Com o resultado, a Corte rejeitou o pedido da Confederação Nacional da Indústria (CNI), que questionava as alterações promovidas pela Lei 14.599/2023 na Lei 11.442/2007, responsável por regulamentar o transporte de cargas no país. Para os ministros, a legislação está em conformidade com a atuação reguladora do Estado e não fere as liberdades econômicas.
Três seguros passaram a ser obrigatórios
As mudanças questionadas tornaram obrigatória a contratação, pelo transportador, de três modalidades distintas de seguro. A primeira cobre perdas ou danos à carga decorrentes de acidentes, como colisão, tombamento, incêndio e explosão. A segunda garante cobertura para o desaparecimento da carga em situações como roubo, furto, apropriação indébita, estelionato e extorsão. Já a terceira modalidade cobre danos materiais e corporais causados a terceiros pelo veículo utilizado no transporte.
Na ação, a CNI sustentava que a nova regra atribuiu ao transportador a responsabilidade exclusiva pela contratação dos seguros sobre a carga, quando, segundo a entidade, seria o embarcador — quem contrata o serviço de transporte — a parte com mais informações sobre a mercadoria, as rotas, os locais de risco e o histórico de sinistros, estando, portanto, em melhores condições para negociar as apólices.
A confederação argumentava ainda que o novo sistema restringe a liberdade contratual entre as partes, eleva custos operacionais, reduz a eficiência do gerenciamento de riscos no setor e pode, inclusive, comprometer a segurança nas estradas brasileiras.
Atuação reguladora do Estado é compatível com a Constituição, diz relator
Ao acompanhar o voto do relator, ministro Nunes Marques, os demais integrantes da Corte entenderam que a norma não interfere de forma indevida no mercado de seguros nem impõe restrição desproporcional à liberdade dos embarcadores. Para o relator, trata-se de exercício legítimo da função regulatória do Estado sobre uma atividade econômica sensível, como o transporte de cargas.
Nunes Marques avaliou que a alteração legislativa foi necessária diante dos custos operacionais gerados pelo modelo anterior e que a nova sistemática tem potencial para reduzir o volume de ações judiciais relacionadas a pedidos de indenização por perdas e danos durante o transporte.

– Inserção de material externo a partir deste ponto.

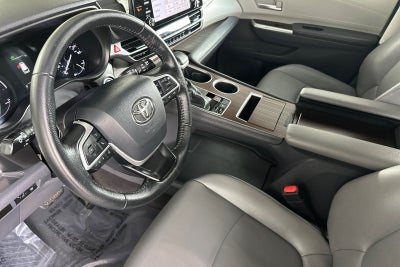 2021 Toyota Sienna XLE 7 Passenger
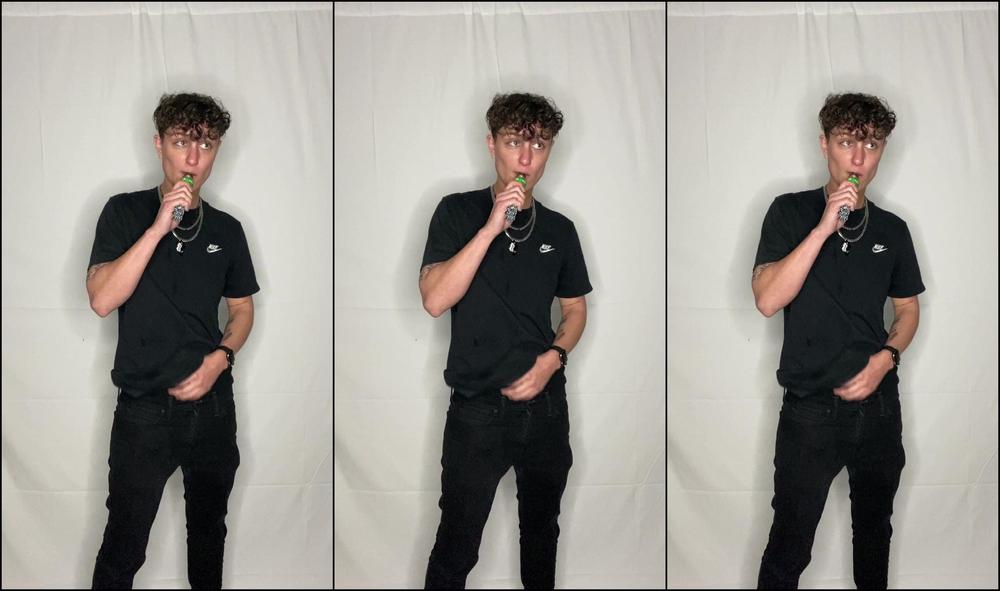 indicaflower-10-02-2021-2028881213-this-is-what-we-re-doing-when-we-sneak-off-at-parties-or-anywhere-lol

Regra anterior gerava desequilíbrio, aponta ministro
Segundo o relator, o modelo vigente antes da Lei 14.599/2023 criava um desequilíbrio entre transportadores e embarcadores, inclusive no que se refere ao gerenciamento de riscos ao longo da cadeia logística. Ele destacou que, mesmo sem ser o proprietário da mercadoria, o transportador é quem efetivamente presta o serviço e responde pela carga, ficando exposto a acidentes, avarias e crimes durante o trajeto.

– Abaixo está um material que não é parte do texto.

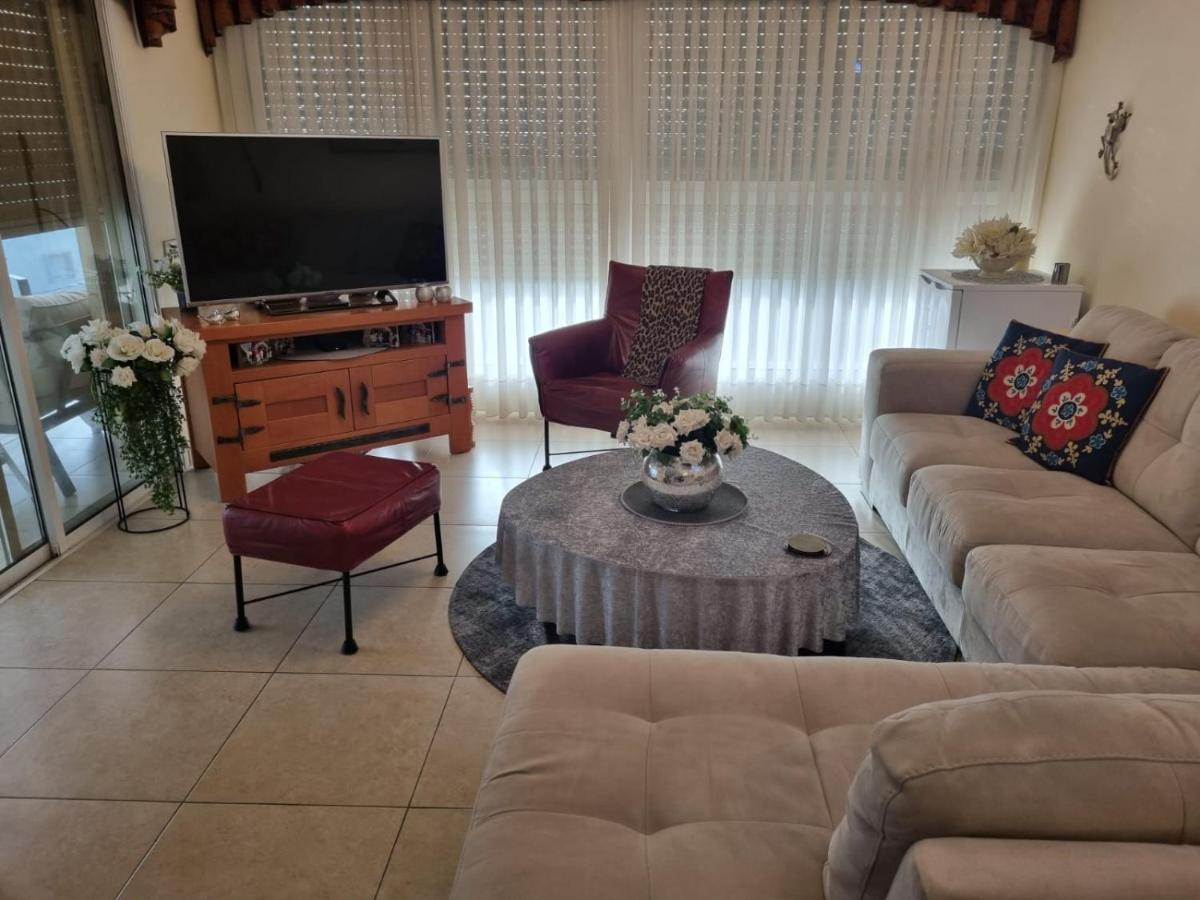 הבית בבלפור Nahariya Esterno foto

Por essa razão, o ministro considerou legítimo assegurar ao transportador o direito de negociar e contratar diretamente seu próprio seguro, sem que isso impeça o embarcador de firmar coberturas adicionais, caso julgue necessário. Com a decisão, a exigência legal permanece em vigor e reforça as regras de responsabilidade civil já aplicadas ao setor de transporte rodoviário de cargas no país.